5.2. Multiple Dimensions of Transmission Quality

Transmission networks do not simply deliver electricity between two points. There are many dimensions of quality associated with that task. One is reducing “line loss,” the difference between the amount of energy injected where it is generated and how much is available where it is used. A second dimension is reliability, which we can think of as maximizing the time the full capacity of a transmission line is available. This has become especially significant in parts of the country where transmission lines pose, and are vulnerable to, risk of fires when they go through forested land. A third, of increasing import in recent years, is resilience, which we can define as the speed with which a line that has failed can be returned to service. There undoubtedly are other dimensions of quality as well.

PCR provides some incentive to maintain quality, since a regulated firm, including a transmission operator, makes more money with greater use of its service. The lower the line loss and the more reliable and resilient a transmission line is, the more electricity it will deliver, and the more generators and distributors will want to use it. However, this incentive will be less than ideal. For transmission, the potential challenge is that the gain to an operator from improving the line will not reflect any value not captured simply by increased output, such as any increase in the willingness to pay for more reliability to reduce losses from power failures. Although PCR restores an incentive to install the particular grid-enhancing technologies best suited for a transmission line, the transmission regulator may have reason to order additional GETs to be installed. My guess is that this is likely to be a very difficult need to ascertain in practice, even if the regulator can identify the possibility in theory.
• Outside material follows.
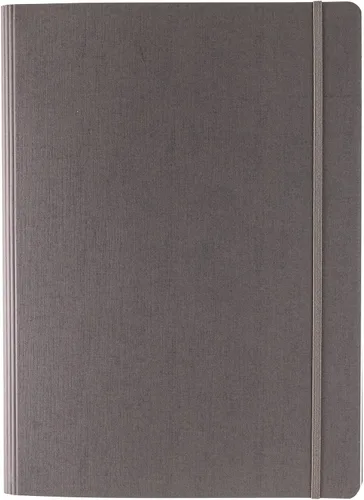 Vista 17 de Fabriano Ecoqua Plus - Cuaderno oculto en espiral, 8.3 x 11.7 pulgadas, A4, punteado, negro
5.3. Variation over Space and Time

The arguments for PCR in this paper envision a single product for which the cost of production can be minimized. Transmission, however, does not provide a single product. Geographically, a transmission grid connects numerous generators in a multitude of locations. On top of that, the product varies over time. Until storage at the users’ locations becomes inexpensive and ubiquitous, a transmission system has to deliver electricity when it is used. This implies that electricity delivered at one time is a not a substitute for electricity delivered at a different time.
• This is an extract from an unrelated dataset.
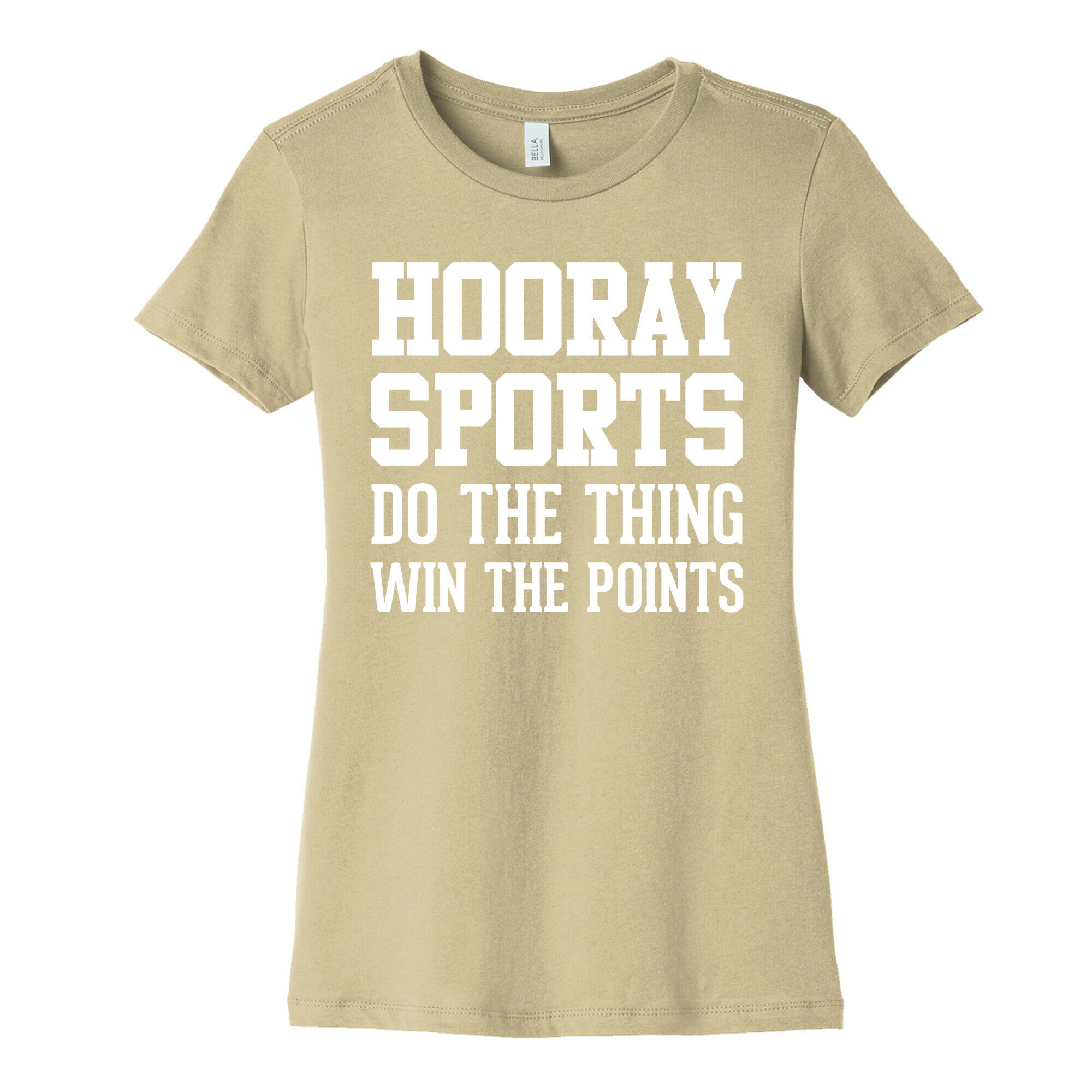Hooray Sports Women's Cotton Tee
In electricity, this shows up as congestion pricing, which means considerably different prices for delivering electricity. It is easier to see this if thinking about an individual line. In times of relatively low demand, the cost of delivering an additional amount of power will be negligible (other than line loss). When demand is high enough that the line cannot carry any more power, the cost in effect would be the cost of having installed a bigger line. An analogy to summer resort hotels may be useful. At other times of year, when tourist demand is low, the cost of making an additional room available is relatively small, based on the cost of cleaning and heating. During the summer peak, however, the cost of an additional room is basically these plus the cost of building another hotel to provide that room. In the near term, that price of using that line will be the price high enough that the demand to use that line just equals its capacity. The difference between the low-demand off-peak price and the high-demand peak price is the congestion price. In practice, with multiple nodes and time periods, congestion prices send signals about which transmission pathways to take and are considerably more complex than a difference between a peak and an off-peak price.

From an efficiency perspective, this leaves open the question of how large to build that line. If the revenues from peak sales plus off-peak sales need to be just large enough to cover the entire cost of the line, then in general the off-peak price will be above the negligible or zero cost of transmitting additional electricity, and the peak price will exceed the marginal cost of building a bigger line. How much these will be above their respective costs would ideally depend on the elasticities of demand for electricity off-peak and during the peak. This is an application of the efficient Ramsey pricing result in Baumol and Bradford (1970).

This complexity is multiplied if we look at all the pathways between generators, distribution companies, and nodes in between in a transmission grid. In principle, PCR can work with multiple products. If a weighted average of the prices of all the products, here including congestion prices and off-peak prices at all nodes, where the weights are previous period quantities, has to remain under the price cap, then over time the set of prices will converge to values that maximize consumer benefit, subject to the amount of profit the regulated firm is able to get over time by raising some prices while it reduces others (Brennan, 1989). However, the speed of this convergence is indeterminate and unlikely to achieve even this level of efficiency before other adjustments in the face of low or high profits would be likely. So even with PCR, regulators are unlikely to avoid questions of rate design across nodes over time and how much capacity any available segment, even with grid-enhancing technologies, should have.

5.4. Handling Expansion: Setting Initial Prices

Recognizing the multiplicity of “products” a transmission grid offers, at every node and at multiple times, does not reduce the complexity. The set of nodes is not static. The push to decarbonize the economy entails constructing new transmission lines to locations conducive to producing electricity with sunlight and wind, and these had not been extensively connected to the transmission grid previously.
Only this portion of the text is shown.